PROBLEM DESCRIPTION:
A word-for-word copy of the data is what's wanted, with no pictures.

Image-caption web data:
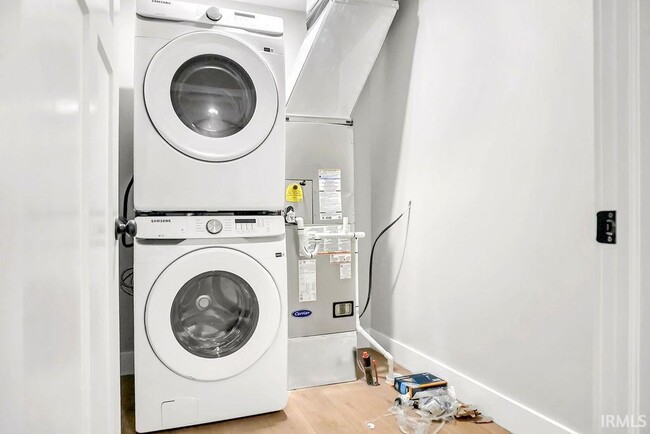 Building Photo - 1112 N Woodburn Ave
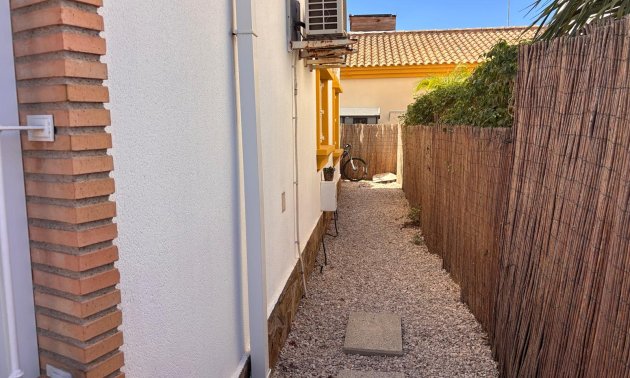 Resale - Villa -
Guardamar del Segura - El Raso
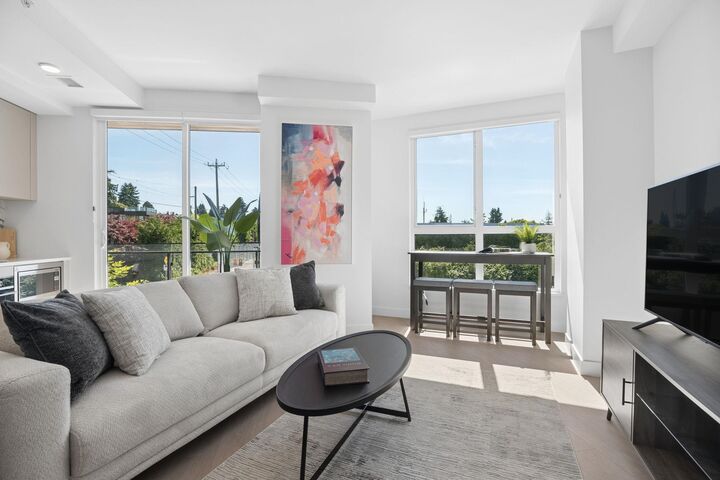 Property Photo:  333 St. Davids Avenue 204  BC V7L 3N7 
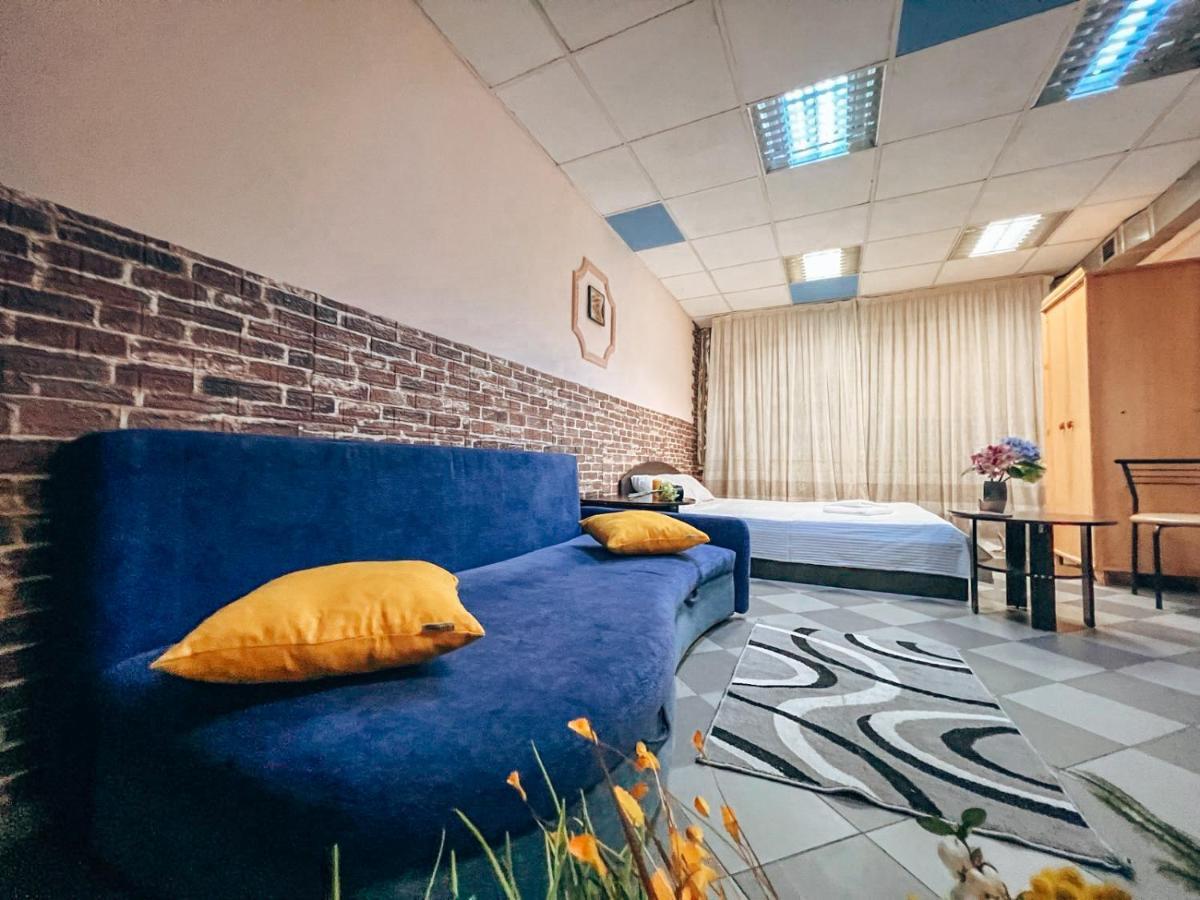 Guest House On Saksahanskoho Street キエフ エクステリア 写真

SOLUTION TO THIS PROBLEM:
 Building Photo - 1112 N Woodburn Ave
 Resale - Villa -
Guardamar del Segura - El Raso
 Property Photo:  333 St. Davids Avenue 204  BC V7L 3N7 
 Guest House On Saksahanskoho Street キエフ エクステリア 写真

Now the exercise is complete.